Code from this project has been generously shared on Github: https://github.com/fengju514/Expression-Net. That site also contains code for estimating expressions and face poses, but AutoFace does not yet make use of this data.

Whereas the Expression-Net script does the job of recreating the 3D face from a photograph, the output is not really useful for the practising artist. The script outputs morphs for a modified Basel Face Model (BFM), which seems to be a favorite among AI researchers. The BFM is a high-density face mesh, but in practise we want a medium-density full body mesh, which is rigged and textured.

The goal of AutoFace is to transfer the output from the BFM to useful meshes, in particular the Genesis 8 Male and Female characters used in DAZ Studio. After the morphs have been transferred, we can load the characters into DAZ Studio and add hair, clothes and body morphs. The dressed characters can then be used in DAZ Studio or exported to other application. I personally use the DAZ importer to import the characters into Blender, where they can be posed and rendered.


The pictures below show some results for images of two beloved candidates of the 2016 US presidential election. This images are included in Autoface.

Input images, with landmarks detected by Dlib.
Basel Face Model
Genesis 8 Male and Female
Textures
Rendered
Clothes, hair and body morphs added in DAZ Studio.
Imported into Blender, posed and rendered.
As you can immediately tell from these images, the results are not perfect. The obvious flaw is that the characters look far too young.

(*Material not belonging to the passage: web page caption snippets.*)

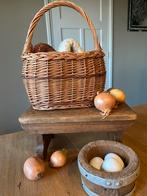 Brocante oud (klein)  draagmandje, Huis en Inrichting, Woonaccessoires | Schalen en Manden, Gebruikt, Mand, Ophalen of Verzenden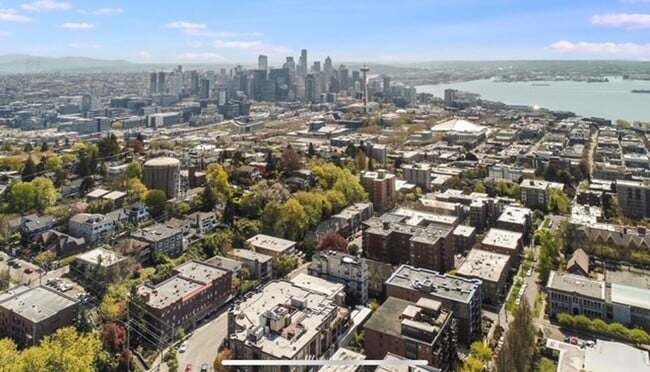 Photo - 1415 1st Ave N Apartments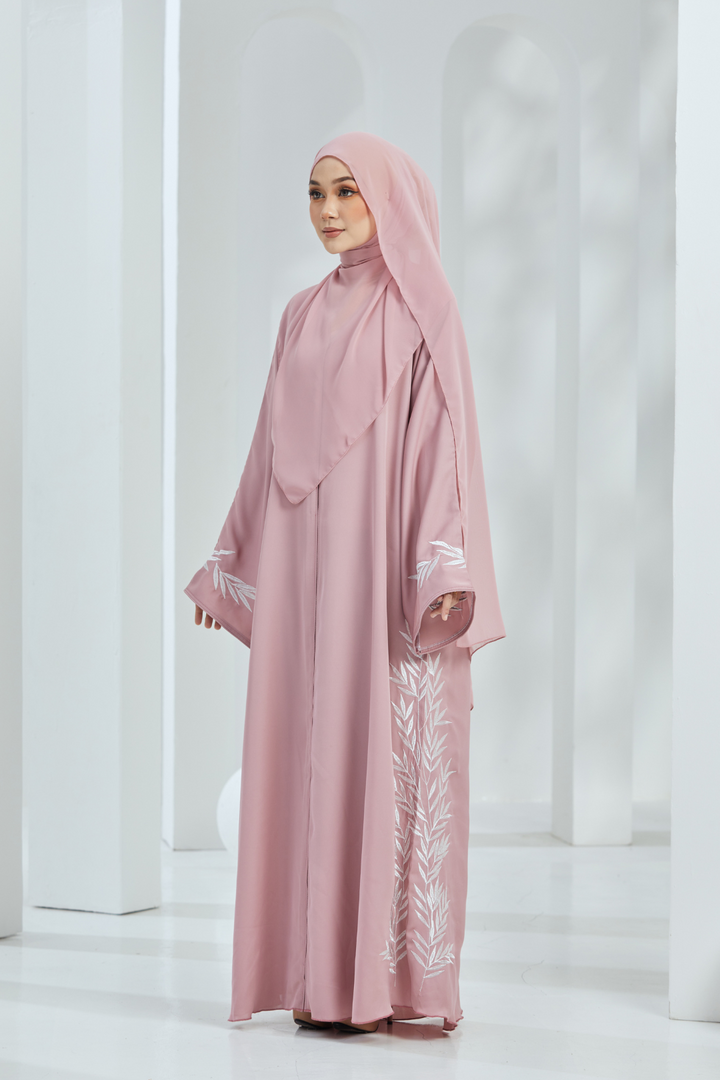 Wahida Abaya in Dusty Pink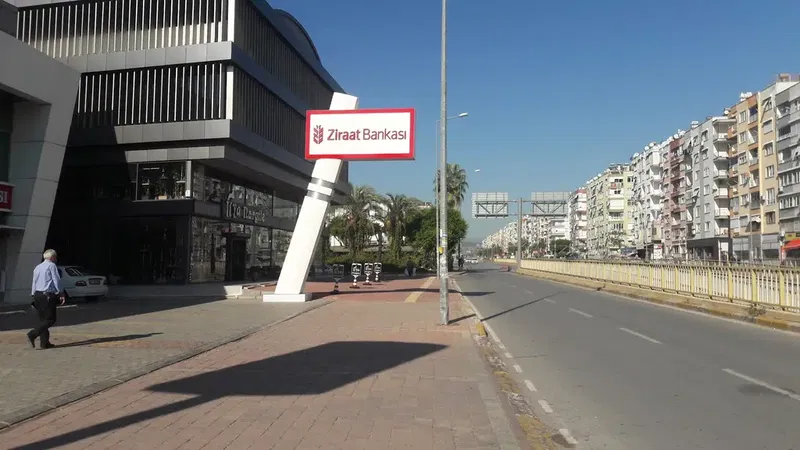 Ziraat Bankası Çallı/Antalya Şubesi - Photo 7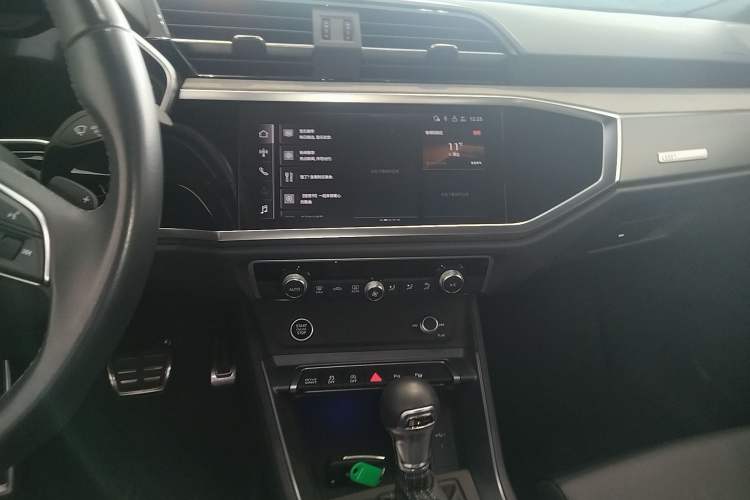 Used Audi Q3 2024 40 TFSI Fashion Dynamic Model
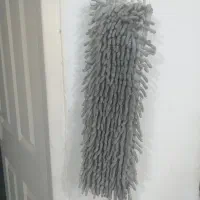 نظافت راه پله توسط خانم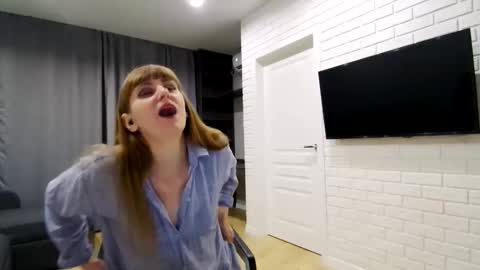 diana_meridor online show from 12/19/25, 12:06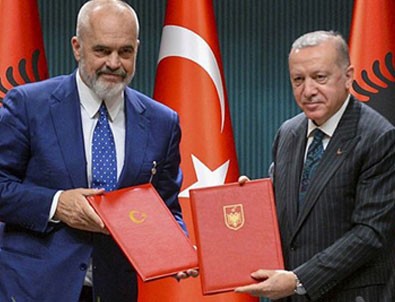 Arnavutluk Başbakanı Edi Rama'dan Türkiye'ye övgüler!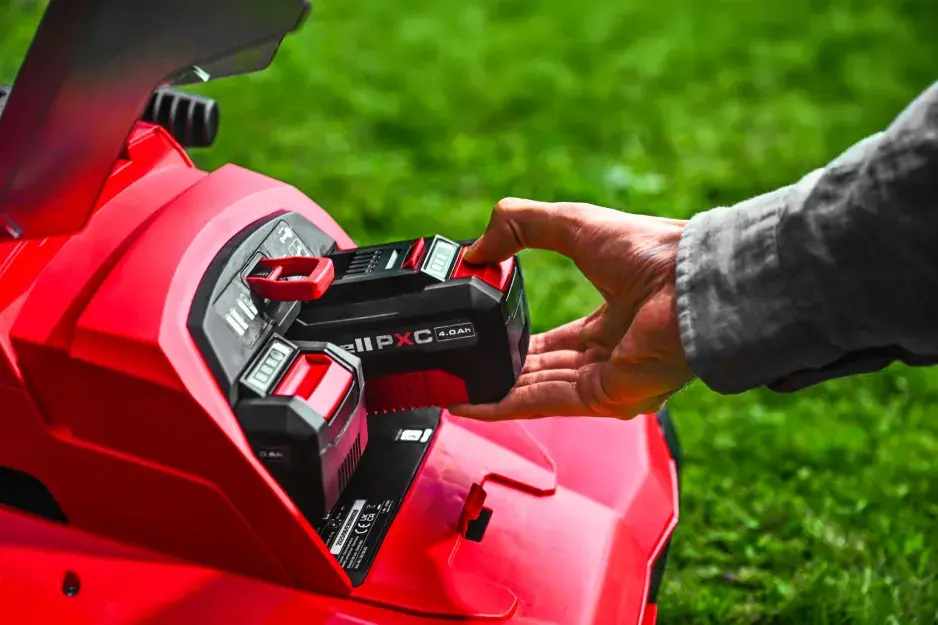 Jarní péče o trávník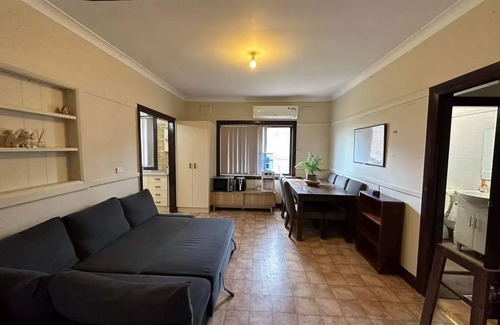 Rossmore House | Western Sydney Airport & 45Mins to All Attractions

A possible workaround could be to add some aging morphs in DAZ Studio, although it is not satisfactory.

For best results we should start with a frontal photograph of a face in neutral position. The picture of secretary Clinton shows why. The deep network removes the smile from the 3D mesh, but it still lingers in the texture, in particular in the artifacts around the cheeks.